--- Dataset entries Enclosed Below ---
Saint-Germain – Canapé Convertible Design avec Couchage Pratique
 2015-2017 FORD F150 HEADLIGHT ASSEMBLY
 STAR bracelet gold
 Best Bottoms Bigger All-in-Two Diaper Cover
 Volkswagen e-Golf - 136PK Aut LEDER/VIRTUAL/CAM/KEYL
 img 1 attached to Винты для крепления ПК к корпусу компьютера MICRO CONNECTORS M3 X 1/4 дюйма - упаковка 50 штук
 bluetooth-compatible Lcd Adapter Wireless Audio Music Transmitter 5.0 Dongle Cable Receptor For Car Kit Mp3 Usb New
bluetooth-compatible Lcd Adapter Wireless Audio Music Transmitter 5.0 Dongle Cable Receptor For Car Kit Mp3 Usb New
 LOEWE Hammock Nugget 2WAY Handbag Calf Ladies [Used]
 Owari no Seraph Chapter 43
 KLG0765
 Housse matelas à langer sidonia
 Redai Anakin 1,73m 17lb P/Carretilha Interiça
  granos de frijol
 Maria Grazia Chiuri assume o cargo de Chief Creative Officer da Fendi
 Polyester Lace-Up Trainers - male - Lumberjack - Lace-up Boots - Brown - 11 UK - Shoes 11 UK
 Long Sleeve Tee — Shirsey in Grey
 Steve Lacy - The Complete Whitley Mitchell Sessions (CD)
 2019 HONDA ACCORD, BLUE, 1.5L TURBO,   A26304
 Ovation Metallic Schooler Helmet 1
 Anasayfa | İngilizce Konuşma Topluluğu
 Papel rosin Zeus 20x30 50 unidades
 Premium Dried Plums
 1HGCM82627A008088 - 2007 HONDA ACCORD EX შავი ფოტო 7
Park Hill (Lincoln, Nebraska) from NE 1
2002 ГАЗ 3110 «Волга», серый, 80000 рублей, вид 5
--- End of Enclosed Dataset entries ---
Problem to solve
Please report, as a bare number, how many lines of the data contain the word "Cable".

Your solution
2